Special effects draw negative reviews

Two returns for TDs leave unit's coach embarrassed

Redskins notebook

October 15, 2002|By Edward Lee | Edward Lee,SUN STAFF

ASHBURN, Va. - Twenty-four hours didn't change the disappointment for Mike Stock.

A day after the Washington Redskins dropped a 43-27 decision to the New Orleans Saints at FedEx Field, the club's special teams coach was still smarting over his unit's inability to prevent Michael Lewis from becoming the first player in Saints history to return a kickoff and a punt for touchdowns in one game.

"This is for me obviously an embarrassing situation because normally we've been pretty good," said Stock, a 13-year coach who is in his second season with Washington. "We've been strong and pretty confident in every capacity, but we had two breakdowns in two areas."
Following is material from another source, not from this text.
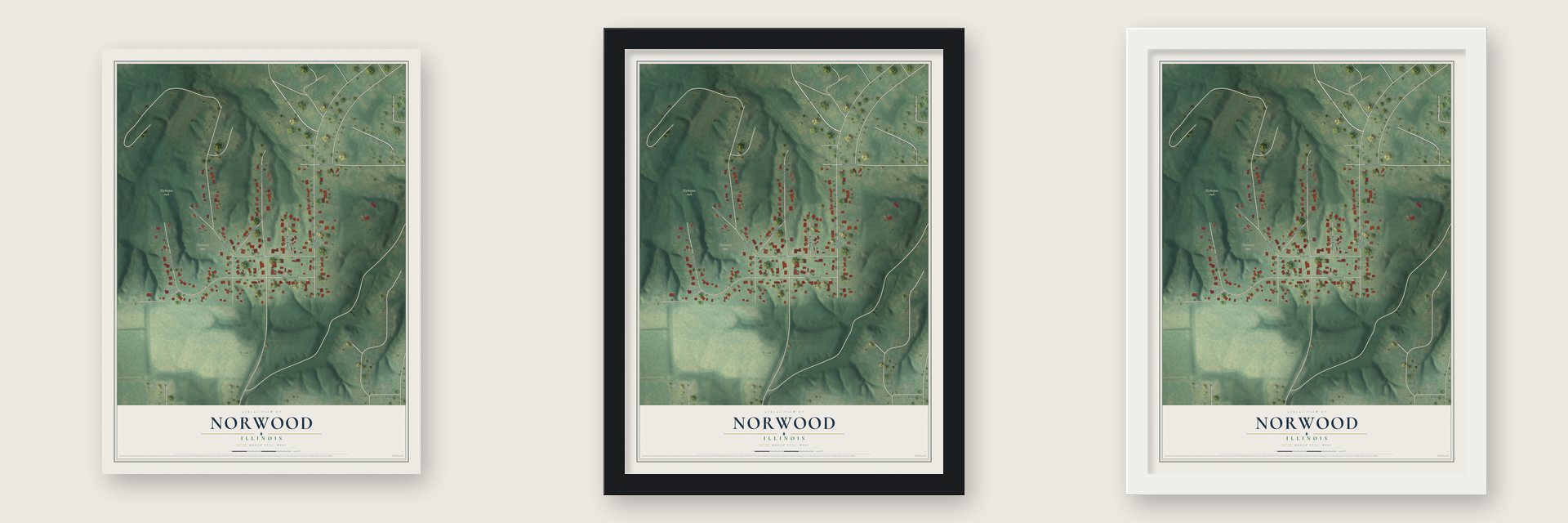 Norwood, Illinois map unframed, in a black wood frame and in a white wood frame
The Redskins hadn't allowed a kickoff return for a touchdown since the 2000 season opener, when Carolina's Michael Bates ran 92 yards for a score.

But Lewis ended the string with a perfectly timed 90-yard sprint down the left sideline with 10:26 left in the second quarter of Sunday's game - just minutes after running back Stephen Davis had scored on a 1-yard run to put Washington on the board at 20-7.

Lewis squelched another Redskins rally 1:56 into the third quarter when he ran along the right sideline on an 83-yard punt return for a touchdown to give the Saints a 36-21 lead.

On both occasions, he ran behind a wall that allowed him to go untouched into the end zone. Washington linebacker Eddie Mason, one of the leaders of the special teams unit, said the coverage teams didn't take up their assignments.

"Everybody has a place to fit," he said. "If you don't fill those gaps, seams are created. Lewis was able to find those seams, and he hit us for some big ones."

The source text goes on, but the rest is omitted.